Your assignment -
Exact copies of all the lines below are required, with the pictures omitted.

Data block -
* * *

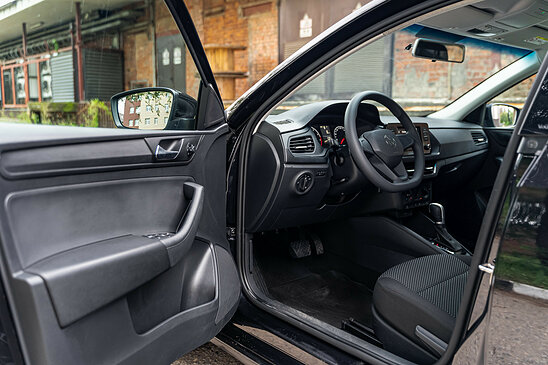 Volkswagen Polo 1.6 MPI AT (110 л.с.) Respect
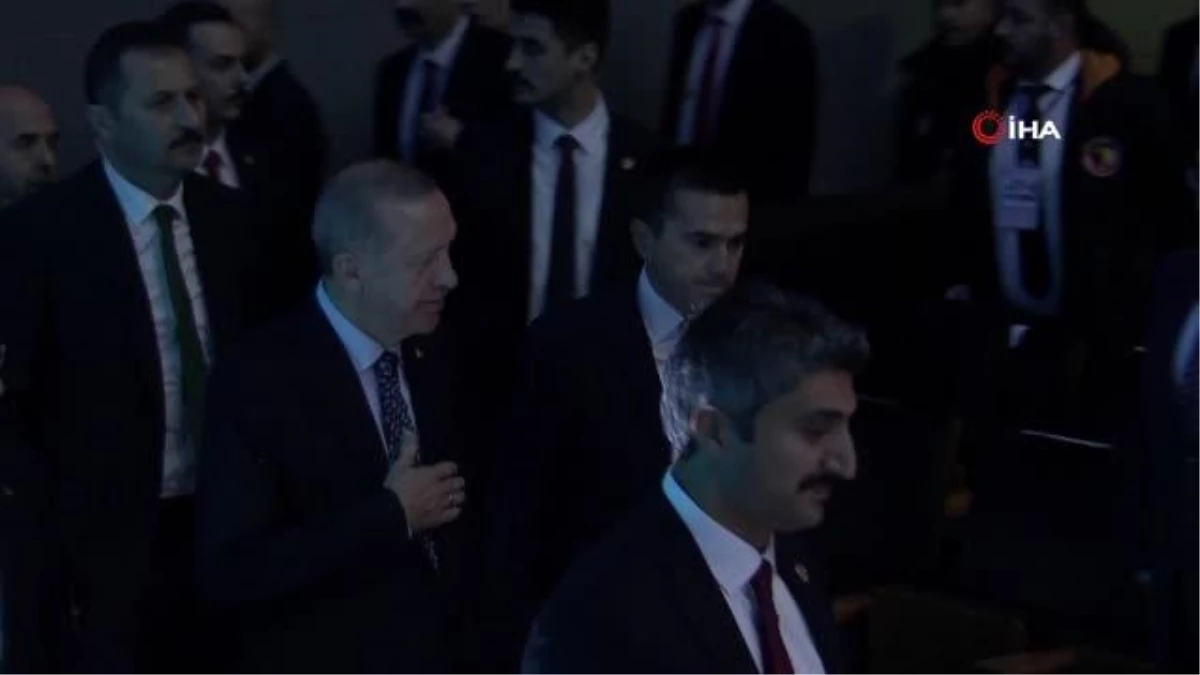 Cumhurbaşkanı Recep Tayyip Erdoğan: "Türkiye\'nin kaderi artık birilerinin elinde değil, artık kaderimizi milletimizin kendisi belirliyor"
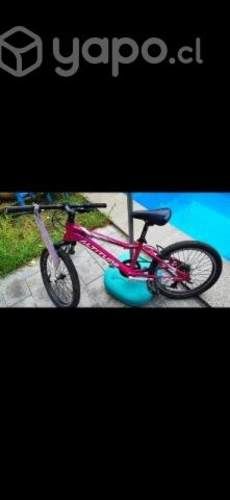 Bicicleta Sport 20 niña Altitude color púrpura.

* * *

Solution to this problem -
 Volkswagen Polo 1.6 MPI AT (110 л.с.) Respect
 Cumhurbaşkanı Recep Tayyip Erdoğan: "Türkiye\'nin kaderi artık birilerinin elinde değil, artık kaderimizi milletimizin kendisi belirliyor"
 Bicicleta Sport 20 niña Altitude color púrpura.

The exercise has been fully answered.